The clock on the wall read half past six. Most clocks on Eden were digital, the numerals a calming shade of electric blue that contrasted nicely with the modernistic white of the walls, floors, and decor, but the third auxiliary deck was part of Rells' quarters, and here the timepieces were strictly analog, ranging from children's themed alarm clocks, bright with cartoon animals on the gaudily painted hands, to sturdy grandfather clocks from the old Continent, ticking with sonorous solemnity. Rells breathed deeply, closing his eyes, imagining that the clock and the planet below were one: moving in celestial synchrony.

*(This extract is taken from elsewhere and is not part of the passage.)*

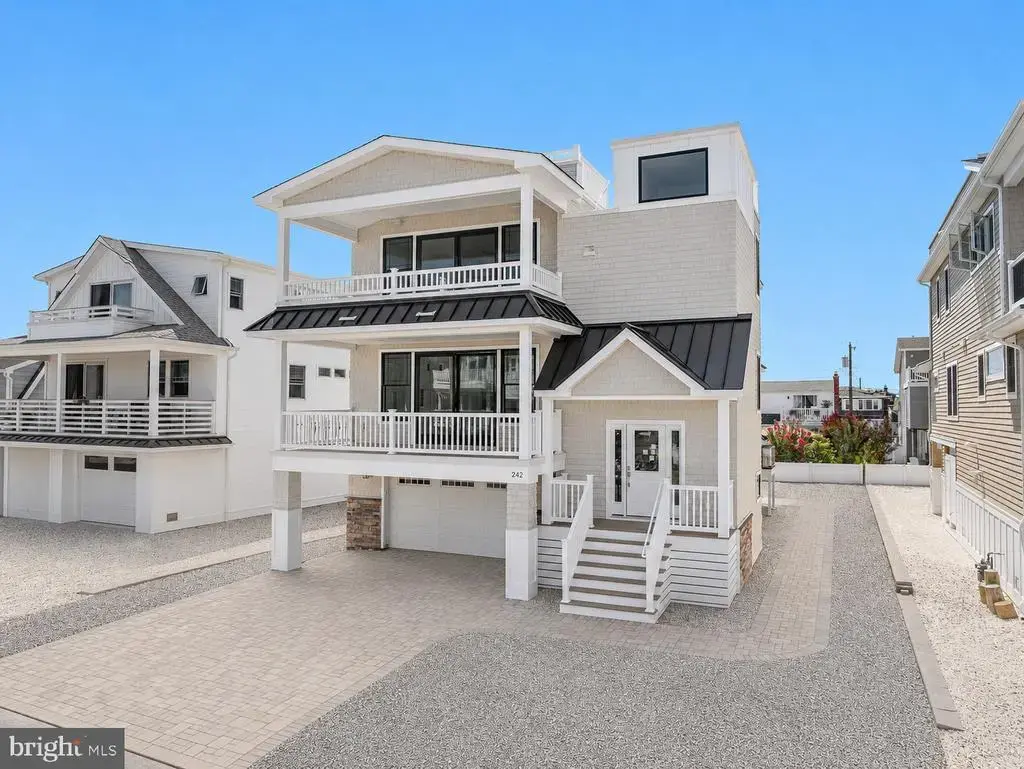 242 N 8th St, SURF CITY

His guest was not so at ease. He drummed his fingers on the surface of the bright plastic table, his tea lying untouched beside his hand. He had once read a book in one of Eden's digital libraries, in which a man from the old days had tried to circle the globe at an excruciatingly slow pace. Rells' quarters reminded him of the man in the book's house: all the clocks in every corner, ticking in perfect time.
"I have them down to the microsecond," said Rells abruptly, and his guest looked over with a start. "Your eyes gave you away," added Rells with a laugh. "They're very fine, aren't they? That one belonged to my great-grandfather -- he took it with him when he boarded. It used to tell the time in Paris."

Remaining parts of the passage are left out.